#### Records from a dataset
_ _ _ _ _

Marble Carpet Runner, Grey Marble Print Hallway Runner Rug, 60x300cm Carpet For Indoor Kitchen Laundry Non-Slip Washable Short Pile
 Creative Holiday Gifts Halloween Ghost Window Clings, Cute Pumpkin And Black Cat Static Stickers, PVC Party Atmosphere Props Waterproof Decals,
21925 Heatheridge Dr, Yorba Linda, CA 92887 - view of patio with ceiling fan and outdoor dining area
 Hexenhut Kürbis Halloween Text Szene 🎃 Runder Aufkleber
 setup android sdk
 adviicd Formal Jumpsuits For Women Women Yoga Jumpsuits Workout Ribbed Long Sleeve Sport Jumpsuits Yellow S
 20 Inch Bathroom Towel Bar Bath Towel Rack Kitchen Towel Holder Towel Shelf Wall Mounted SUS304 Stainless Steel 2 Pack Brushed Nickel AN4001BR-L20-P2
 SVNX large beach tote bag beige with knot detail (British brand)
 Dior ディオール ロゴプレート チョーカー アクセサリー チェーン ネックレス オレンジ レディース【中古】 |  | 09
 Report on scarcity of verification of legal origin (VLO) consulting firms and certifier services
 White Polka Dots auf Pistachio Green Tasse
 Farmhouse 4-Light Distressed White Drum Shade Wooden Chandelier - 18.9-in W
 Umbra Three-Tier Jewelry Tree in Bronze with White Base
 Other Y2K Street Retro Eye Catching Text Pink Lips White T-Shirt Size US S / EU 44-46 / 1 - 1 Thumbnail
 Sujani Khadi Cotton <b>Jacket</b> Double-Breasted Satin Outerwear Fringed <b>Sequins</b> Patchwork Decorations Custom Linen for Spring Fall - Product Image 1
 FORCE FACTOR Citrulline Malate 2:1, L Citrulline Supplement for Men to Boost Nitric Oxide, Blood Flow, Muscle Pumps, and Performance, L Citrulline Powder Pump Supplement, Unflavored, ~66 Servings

_ _ _ _ _

#### WHAT YOU SHOULD DO
Both the first line of the records above and the line containing "Umbra Three-Tier Jewelry" are to be transcribed exactly, together with every line between them, and nothing else.

#### SOLUTION TO THIS TASK
Marble Carpet Runner, Grey Marble Print Hallway Runner Rug, 60x300cm Carpet For Indoor Kitchen Laundry Non-Slip Washable Short Pile
 Creative Holiday Gifts Halloween Ghost Window Clings, Cute Pumpkin And Black Cat Static Stickers, PVC Party Atmosphere Props Waterproof Decals,
21925 Heatheridge Dr, Yorba Linda, CA 92887 - view of patio with ceiling fan and outdoor dining area
 Hexenhut Kürbis Halloween Text Szene 🎃 Runder Aufkleber
 setup android sdk
 adviicd Formal Jumpsuits For Women Women Yoga Jumpsuits Workout Ribbed Long Sleeve Sport Jumpsuits Yellow S
 20 Inch Bathroom Towel Bar Bath Towel Rack Kitchen Towel Holder Towel Shelf Wall Mounted SUS304 Stainless Steel 2 Pack Brushed Nickel AN4001BR-L20-P2
 SVNX large beach tote bag beige with knot detail (British brand)
 Dior ディオール ロゴプレート チョーカー アクセサリー チェーン ネックレス オレンジ レディース【中古】 |  | 09
 Report on scarcity of verification of legal origin (VLO) consulting firms and certifier services
 White Polka Dots auf Pistachio Green Tasse
 Farmhouse 4-Light Distressed White Drum Shade Wooden Chandelier - 18.9-in W
 Umbra Three-Tier Jewelry Tree in Bronze with White Base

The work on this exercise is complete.